-- The input follows --

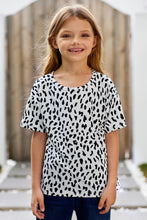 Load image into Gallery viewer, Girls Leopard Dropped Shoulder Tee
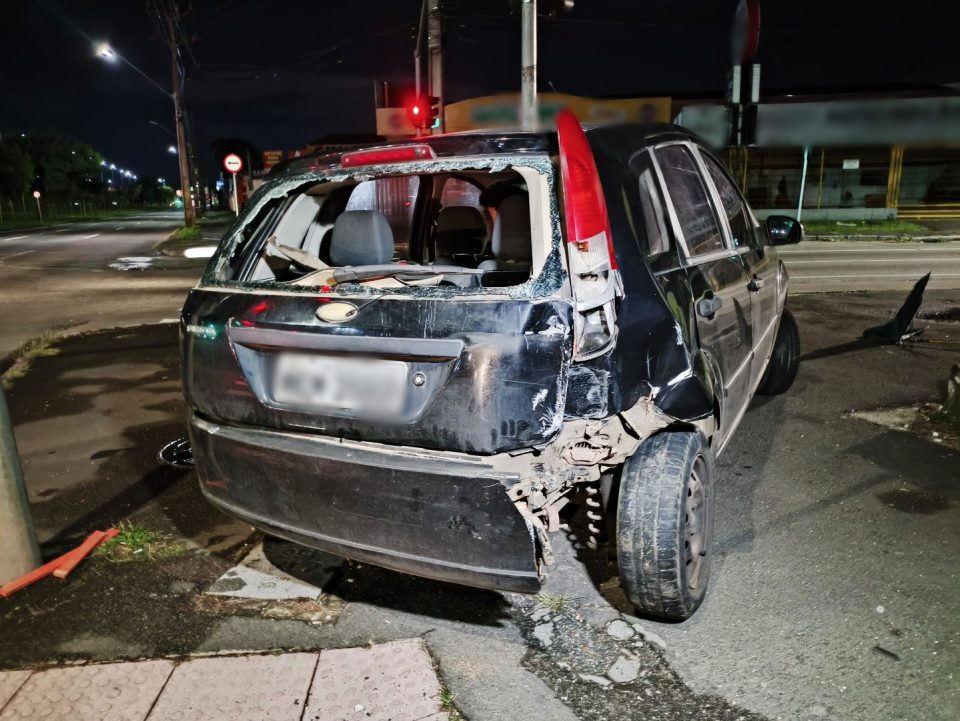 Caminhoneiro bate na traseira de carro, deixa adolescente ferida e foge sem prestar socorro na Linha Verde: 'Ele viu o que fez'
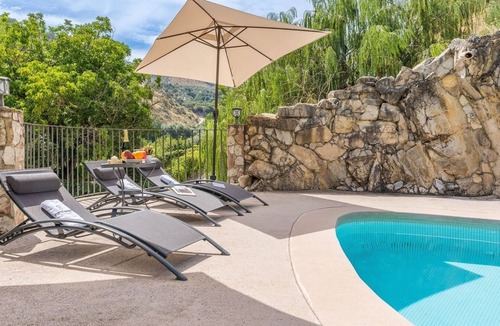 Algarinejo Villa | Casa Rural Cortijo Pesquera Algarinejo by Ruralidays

-- The input concluded --
-- The input follows --

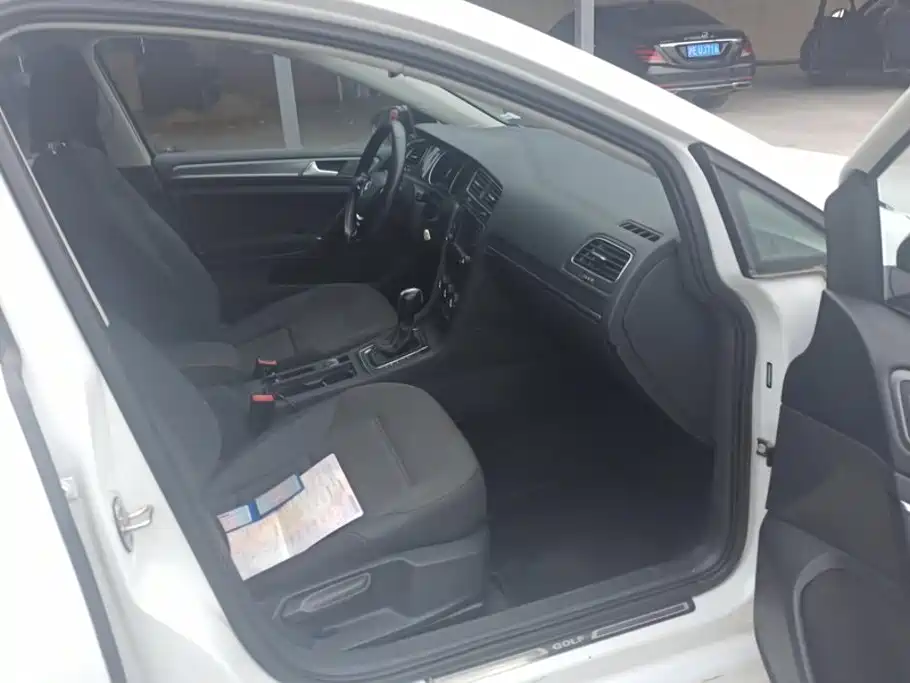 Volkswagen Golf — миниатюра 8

-- The input concluded --
-- The input follows --

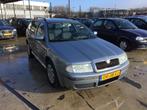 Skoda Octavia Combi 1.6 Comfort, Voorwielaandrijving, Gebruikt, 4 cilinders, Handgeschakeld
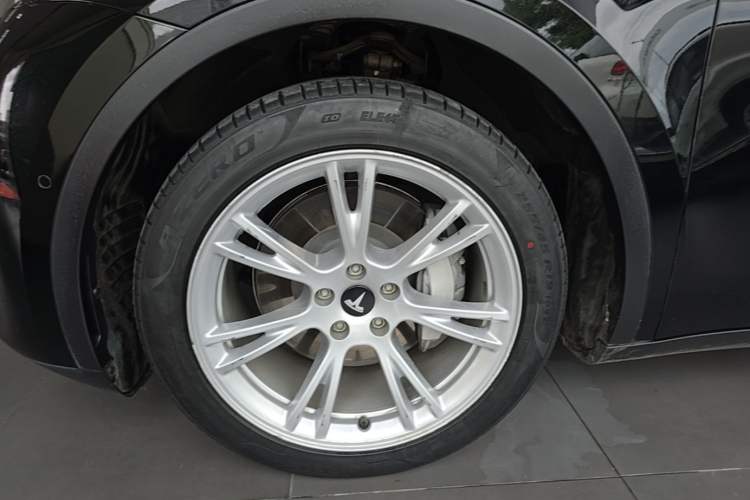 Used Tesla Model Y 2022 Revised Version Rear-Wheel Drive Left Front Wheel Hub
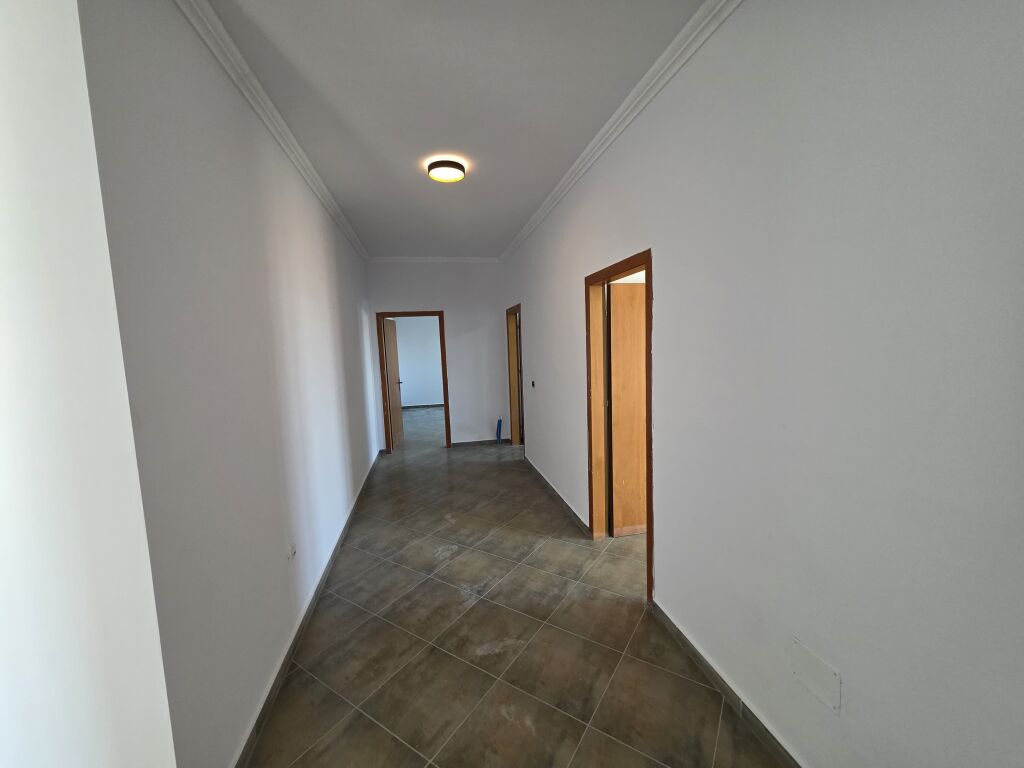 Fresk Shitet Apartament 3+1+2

-- The input concluded --

## Description of the task
Give again the lines of the listing above that run from the one with "Used Tesla Model" up to and including the one with "Fresk Shitet Apartament 3+1+2". Keep them exact and omit the pictures.

## Answer to this task
 Used Tesla Model Y 2022 Revised Version Rear-Wheel Drive Left Front Wheel Hub
 Fresk Shitet Apartament 3+1+2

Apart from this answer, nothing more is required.